Immunsystem wird im Alter schwächer
Dem ist sich auch Lars Rettstadt, Vorsitzender des Hausärzteverbandes, bewusst. Trotzdem appeliert er, das Thema nicht komplett aus den Augen zu verlieren. Das Immunsystem werde mit zunehmendem Alter schwächer. Eine Impfung helfe, es zu trainieren und schütze vor schweren Verläufen. Die Ständige Impfkommission (STIKO) empfiehlt: Alle ab 60 Jahren und ab 50 Jahren für Menschen mit Vorerkrankungen sollten sich einmal im Jahr, jeweils vor Beginn der Infektsaison, ab Ende September impfen.
Erst einmal positiv: Laut der Zahlen der AOK ist bei den Versicherten über 60 Jahren die Impfbereitschaft deutlich höher. Das nehmen die beiden Hausärzte auch in ihren Praxen wahr. 2023 ließen sich insgesamt 27,6 Prozent der Über-60-jährigen AOK-Versicherten in Westfalen-Lippe impfen. Doch auch dieser Wert ist auf einem Tiefststand. 2015 gingen noch fast 35 Prozent zur Grippeimpfung.
Skepsis durch Geschichten über angebliche Impf-Folgen
Es gibt viele Menschen, die eine Impfung gänzlich ablehnen. „Insgesamt beobachten wir, dass viele Menschen skeptischer gegenüber Impfungen geworden sind. Begründet liegt das oft in Fehlinformationen, die im Internet kursieren, oder in einer negativen Beeinflussung durch die direkte Umgebung, wenn etwa Geschichten über angebliche Impf-Folgen erzählt werden“, erklärt Rettstadt. „Auch schlechte Erfahrungen nach den Corona-Impfungen spielen eine Rolle“, sagt Decker. Jede und jeder einzelne solle am besten mit seinem hausärztlichen Praxisteam sprechen und sich auf diese Weise informieren.
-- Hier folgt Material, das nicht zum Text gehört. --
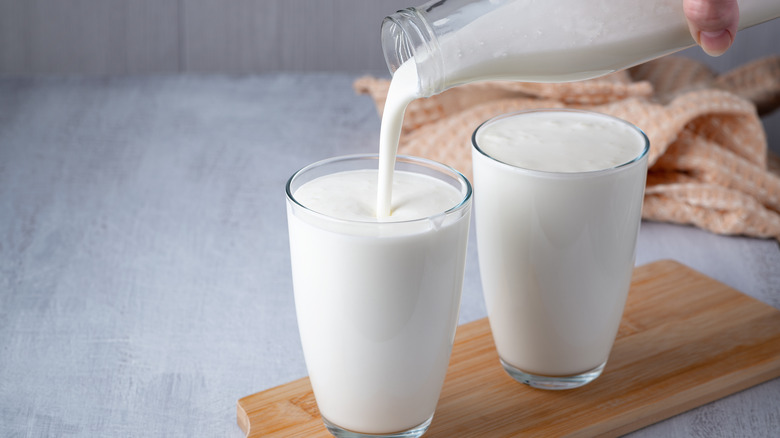 person pouring buttermilk into two glasses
In der Praxis von Lars Rettstadt werde häufig als Grund angegeben, dass Nebenwirkungen befürchtet würden. Es gehe im Grunde nie um Zweifel an der Wirksamkeit des Impfstoffs. Die Überlegungen seiner Patientinnen und Patienten ließen sich nicht immer rational erklären. Manchmal werde eine Grippeimpfung akzeptiert, aber eine COVID19-Impfung nicht, manchmal sei es umgekehrt. „Und das, obwohl es sich um eine sehr ähnliche Art der Impfung handelt. Beide Impfungen schützen vor sich verändernden Viren“, weiß der Arzt.
Schlechte Impfquoten sind schlecht für die Gesellschaft
Und was ist nun mit jüngeren Menschen? Bei der AOK lag die Grippe-Impfquote 2023 gerade einmal bei 4,1 Prozent. Gehören Menschen nicht zur Risiko-Gruppe, sollten sie sich dann überhaupt impfen oder würden die Vorräte knapp oder das System nur noch mehr überlastet? Die Vorräte seien vorhanden, die Praxen leider mit unzähligen anderen Dingen beschäftigt. Natürlich sorgen bei jungen, gesunden Menschen meist die Abwehrkräfte des Körpers dafür, dass Viren und Bakterien weitestgehend in Schach gehalten werden. Aber wer eine Impfung wolle, der bekäme diese auch.
Denn ganz wichtig und nach Meinung des Dortmunder Hausarztes Lars Rettstadt unumstritten sei auch: „Schlechte Impfquoten sind immer schlecht für die Gesellschaft, weil dadurch das Risiko zu erkranken für alle steigt“, so Rettstadt. Ziel sollte ihm zufolge eine Herdenimmunität sein, die dann auch die Menschen schützen könne, die sich selbst aus bestimmten Gründen nicht impfen lassen können oder wollen.